- Directed by: Sudheer Attavar
- Written by: Sampanna Mutalik
- Produced by: M C Gowda; Ramakrishna Bhat; Nithyanand N; Mogan Babu; Divija K;
- Starring: Rakesh Adiga Naga Kiran Nivedhitha
- Cinematography: Ananth Urs
- Edited by: Vidyadhar Shetty
- Music by: Veer Samarth
- Release date: 27 April 2012;
- Country: India
- Language: Kannada

= Parie =

Parie is a 2012 Indian Kannada-language romance film starring Rakesh Adiga and Nivedhitha. The film is directed by Sudheer Attavar and Veer Samarth is the music director. In total, there are seven producers for this movie. Veterans M. S. Sathyu and Nimay Ghosh were hired for art direction and cinematography respectively. The film made its theatrical release on 27 April 2012.

== Cast ==
- Rakesh Adiga as Bharadhwaj
- Nivedhitha as Parie
- Usha Uthup
- Naga Kiran as Chandru
- Harshika Poonacha as Sumedha
- Vikram Udayakumar
- Sharath Lohitashwa
- Srinivas Prabhu
- Hemangini Ka as in a cameo appearance

==Soundtrack==

| No. | Title | Lyrics | Singer(s) | Length |
|---|---|---|---|---|
| 1. | "Mugilina Maathu" | Sudheer Attavar | Udit Narayan, Sadhana Sargam | 4:27 |
| 2. | "Mirugutide Yedeyolage" | Sudheer Attavar | Shaan, Gayatri Iyer | 5:17 |
| 3. | "Kandikeri Hudugaranna" | Sudheer Attavar | Priya Himesh | 5:08 |
| 4. | "Ninna Premada Pariya" | K S Narasimha swamy | S. P. Balasubrahmanyam | 4:19 |
| 5. | "Ashada Kaledaithe" | Sudheer Attavar | B. K. Sumitra, Manikka Vinayagam, Mysore Janni, Samanvitha | 4:52 |
| 6. | "Jhoom Jhoom Zara" | Sudheer Attavar | Usha Uthup | 5:44 |
| Total length: |  |  |  | 29:07 |

== Release and reception ==
The film, for the first time in the Kannada film industry, had a special pre-release premiere show held in Mumbai on 15 April 2012. Arranged and hosted by M. S. Sathyu and the director Sudhir Attavar, the venue was at Cinemax Multiplex in Andheri.

=== Critical reception ===

The Times of India scored the film at 4 out of 5 stars and says "While Rakesh tops the list with a brilliant performance, Nivedita is lively as the girl next door. Harshika, though impressive, doesn’t fit into the role. Nagakiran, Satya and Srinivas Prabhu have done justice.
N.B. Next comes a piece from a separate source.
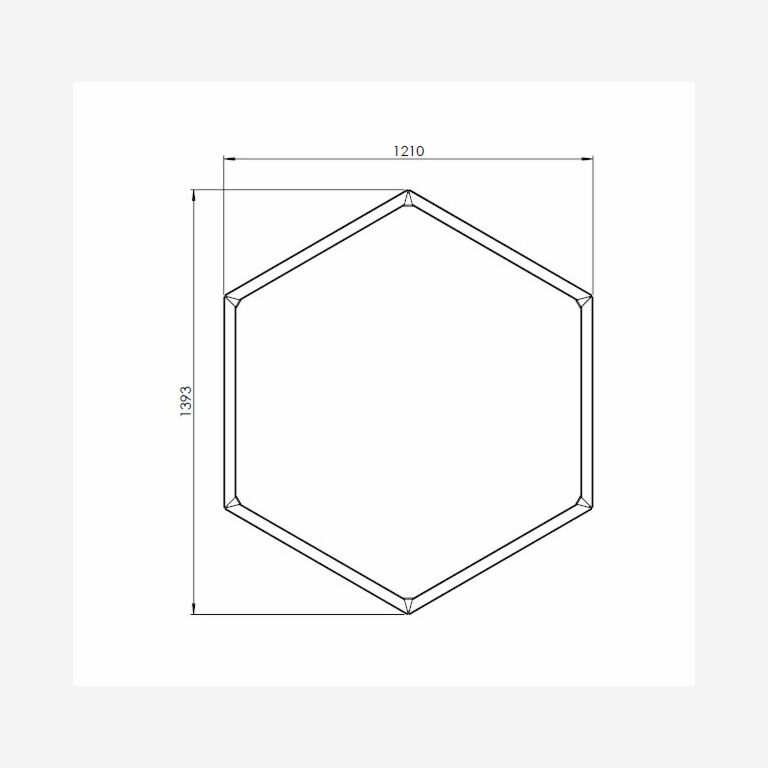 Gepoedercoat Staal Plantenbak Denver 70 Hoogte 70cm - Denver 700 - Gepoedercoate Denver 70 Hoogte 70cm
Music by Veera Samarth has some catchy tunes, especially the number ‘Mugilina maatu…’ News18 India wrote "For the mood of the film Ananth Urs camera whirrs to showcase the developments. The costumes for this film are pretty good. Rediff.com wrote "Harshika Poonacha looks very glamorous but too young for the role, though she has acquitted herself commendably. Nagkiran doesn't have much of a role. Srinivasa Prabhu shines as Parie's father.". S Viswanath from Deccan Herald wrote "Mainly drawing its sustenance from the tragic and troublesome romance played out against the backdrop of illicit liquor trade Parie’s family are in, the film turns out into potent potion of heady cocktail giving one heavy, head-banging hangover. "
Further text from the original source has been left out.